Al summit Ue del 17 e 18 dicembre è stato scontro duro; Angela Merkel voleva replicare il solito copione: lei a dettare la linea e gli altri ad allinearsi senza fiatare, ma qualcosa si è rotto negli equilibri che facevano di lei la padrona indiscussa di Bruxelles; stavolta è stata presa di sorpresa ed è apparsa in difficoltà.

Non è accaduto perché, dopo otto anni, i Paesi abbiano finalmente compreso che le ricette tedesche facciano bene solo a Berlino e siano tossiche per gli altri; è stata la paura a spingerli a manifestare una dissidenza mostratasi apertamente per la prima volta. La paura di elettorati sempre più stanchi, nauseati e inviperiti verso politici inconcludenti che sanno solo chinare la testa, scaricando il peso della loro accondiscendenza sulla gente.

Non è stato un caso che a scontrarsi frontalmente con la Cancelliera sia stato Renzi; il nostro Premier ha fiutato il vento che tira anche in Italia ed ha compreso che continuare ad andare passivamente a rimorchio non paga. In chiara difficoltà, ha bisogno di visibilità e di qualche successo eclatante, così ha acceso le polveri sorprendendo tutti e facendo emergere i malumori di molti altri premier.

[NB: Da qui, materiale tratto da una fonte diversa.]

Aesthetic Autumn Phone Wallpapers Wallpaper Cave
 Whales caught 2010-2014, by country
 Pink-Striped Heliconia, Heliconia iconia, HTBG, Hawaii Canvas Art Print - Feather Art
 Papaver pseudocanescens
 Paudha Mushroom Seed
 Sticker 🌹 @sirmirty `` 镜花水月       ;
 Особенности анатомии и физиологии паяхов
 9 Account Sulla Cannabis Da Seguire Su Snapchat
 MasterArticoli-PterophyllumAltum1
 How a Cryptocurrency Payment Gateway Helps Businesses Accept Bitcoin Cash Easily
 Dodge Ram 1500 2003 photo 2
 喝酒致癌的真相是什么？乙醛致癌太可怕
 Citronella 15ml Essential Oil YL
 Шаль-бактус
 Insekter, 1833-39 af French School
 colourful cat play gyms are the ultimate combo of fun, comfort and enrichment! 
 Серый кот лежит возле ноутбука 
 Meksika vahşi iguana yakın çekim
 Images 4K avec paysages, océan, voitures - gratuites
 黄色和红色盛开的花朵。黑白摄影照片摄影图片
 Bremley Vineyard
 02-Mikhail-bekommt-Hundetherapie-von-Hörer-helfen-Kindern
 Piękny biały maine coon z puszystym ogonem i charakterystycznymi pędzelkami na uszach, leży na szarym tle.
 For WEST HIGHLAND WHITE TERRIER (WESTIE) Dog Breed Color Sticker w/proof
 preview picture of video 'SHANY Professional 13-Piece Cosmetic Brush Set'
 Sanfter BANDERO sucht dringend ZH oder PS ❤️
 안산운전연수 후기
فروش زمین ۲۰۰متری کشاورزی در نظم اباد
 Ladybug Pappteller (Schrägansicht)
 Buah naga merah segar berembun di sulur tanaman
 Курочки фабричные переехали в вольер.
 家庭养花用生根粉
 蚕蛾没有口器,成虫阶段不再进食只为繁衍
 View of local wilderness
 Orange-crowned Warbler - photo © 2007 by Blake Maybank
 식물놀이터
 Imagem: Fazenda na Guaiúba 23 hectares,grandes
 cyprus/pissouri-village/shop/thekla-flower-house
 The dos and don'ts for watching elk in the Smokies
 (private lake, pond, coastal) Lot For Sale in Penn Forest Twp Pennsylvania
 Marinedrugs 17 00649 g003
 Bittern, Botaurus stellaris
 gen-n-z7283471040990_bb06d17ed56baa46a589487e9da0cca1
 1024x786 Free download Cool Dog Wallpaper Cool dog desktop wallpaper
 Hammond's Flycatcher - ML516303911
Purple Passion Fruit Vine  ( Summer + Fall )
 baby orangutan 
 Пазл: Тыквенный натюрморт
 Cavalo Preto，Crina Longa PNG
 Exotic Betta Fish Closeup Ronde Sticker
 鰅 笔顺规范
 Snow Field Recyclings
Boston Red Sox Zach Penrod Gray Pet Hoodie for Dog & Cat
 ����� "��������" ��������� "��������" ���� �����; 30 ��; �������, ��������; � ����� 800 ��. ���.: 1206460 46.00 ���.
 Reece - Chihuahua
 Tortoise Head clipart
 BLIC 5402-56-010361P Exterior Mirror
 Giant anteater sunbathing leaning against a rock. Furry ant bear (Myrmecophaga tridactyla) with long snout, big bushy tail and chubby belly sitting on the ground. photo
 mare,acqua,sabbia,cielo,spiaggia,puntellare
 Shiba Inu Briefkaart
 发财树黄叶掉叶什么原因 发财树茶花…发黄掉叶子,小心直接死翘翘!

Il secco commento con cui invitava la Merkel a smettere di dire che la Germania “era il donatore di sangue dell’Europa” è stato solo un episodio colorito di un aspro scontro di battute con cui, per la prima volta intorno a quei tavoli, si osava mettere Berlino sotto accusa.

L’occasione è venuta dal no tedesco alla Garanzia Europea sui depositi, che a Renzi farebbe terribilmente comodo dopo il recente crack delle quattro banche. Si tratta del terzo pilastro dell’Unione Bancaria; Merkel l’aveva accettato quando impose le proprie condizioni per dare il via libera agli altri due (potenziamento della vigilanza centrale sulle banche e trasferimento delle perdite da fallimenti solo sui privati); adesso, portato a casa il risultato, rifiuta di condividere i rischi sui depositi.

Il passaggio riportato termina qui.